3.2. De gemeente voert verweer. Zij stelt dat niet is voldaan aan de vereisten van artikel 843a Rv. De incidentele vordering strekt ertoe dat de gemeente de correspondentie en het dossier zal afgeven, waaruit kan worden afgeleid dat [Eiser] heeft gehouden voor de gemeente. Het door [Eiser] kennelijk bedoelde bewijsmateriaal is derhalve relevant voor een potentieel verweer van de gemeente en niet voor een potentiële stelling van [Eiser]. [Eiser] heeft ook geen artikel 843a-belang. Daar komt bij dat de gemeente - vooralsnog - niet beschikt over het door [Eiser] kennelijk bedoelde schriftelijk bewijsmateriaal. De gemeente zal een potentieel verweer dan ook niet met dergelijk schriftelijk bewijsmateriaal kunnen onderbouwen. Anders dan [Eiser] stelt, zal de gemeente zich er in de hoofdzaak dus voorlopig niet op beroepen dat uit schriftelijke correspondentie en uit het dossier naar aanleiding van de aanvraag bouwvergunning afgeleid zou kunnen worden dat [Eiser] houder zou zijn. De incidentele vordering moet derhalve worden afgewezen. [Eiser] kan op grond van de Wet openbaarheid van bestuur te allen tijde nogmaals inzage krijgen - en tegen betaling - kopieën verkrijgen van alle bescheiden in alle dossiers die de gemeente aangaande [Eiser] onder zich heeft, dus ook de door [Eiser] bedoelde bescheiden, voorzover de gemeente daarover thans zou beschikken.
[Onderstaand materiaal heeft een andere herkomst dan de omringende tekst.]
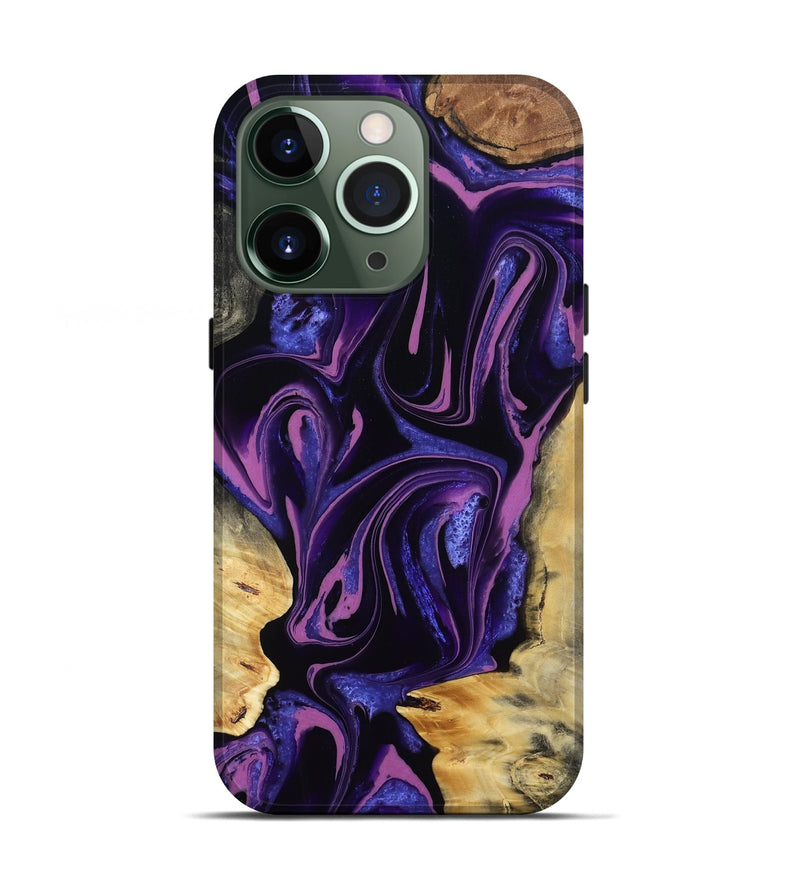 iPhone 13 Pro Wood Live Edge Phone Case - Gordon (Purple, 808311)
4. De beoordeling in het incident
4.1. Voor toewijzing van de vordering moet in de eerste plaats aan alle drie de in artikel 843a lid 1 Rv gestelde voorwaarden zijn voldaan. Ten eerste moet de wederpartij van degene die bescheiden te zijner beschikking of onder zijn berusting heeft, rechtmatig belang hebben bij inzage, afschrift of uittreksel daarvan. Ten tweede moet de vordering betrekking hebben op bepaalde bescheiden, en ten derde moeten de bescheiden een rechtsbetrekking betreffen waarin de wederpartij van degene die ze te zijner beschikking of onder zijn berusting heeft, partij is. Verder moet zich geen van de in de leden 3 en 4 vervatte uitzonderingen voordoen.
4.2. In de hoofdzaak is nog niet voor antwoord geconcludeerd. Hoewel uit de door [Eiser] bij de dagvaarding overgelegde stukken kan worden geconcludeerd dat de gemeente zich niet kan verenigen met het door [Eiser] in de dagvaarding gestelde, heeft een specifieke betwisting van het daarin gestelde nog niet plaatsgevonden. De stukken die [Eiser] vraagt hebben naar zijn eigen zeggen bovendien betrekking op het (potentiële) verweer van de gemeente dat sprake is van houderschap. De gemeente heeft echter aangegeven dat zij
- vooralsnog - niet beschikt over het door [Eiser] bedoelde schriftelijke bewijsmateriaal, hetgeen volgens haar tevens tot gevolg heeft dat zij er zich in de hoofdzaak niet op kan beroepen dat uit de door [Eiser] verzochte bescheiden afgeleid zou kunnen worden dat hij houder zou zijn. Gelet hierop is er naar het oordeel van de rechtbank geen sprake van dat de gemeente een onredelijk voordeel geniet, of [Eiser] een onredelijk nadeel lijdt doordat de door [Eiser] gevraagde stukken niet als bewijsmiddel ter beschikking komen. Enerzijds is derhalve niet voldaan aan de voorwaarde dat [Eiser] rechtmatig belang heeft bij inzage of afschrift van de gevraagde bescheiden. Anderzijds is sprake van de in lid 4 van artikel 843a Rv genoemde uitzondering, dat inzage of afschrift onnodig is voor een behoorlijke rechtsbedeling.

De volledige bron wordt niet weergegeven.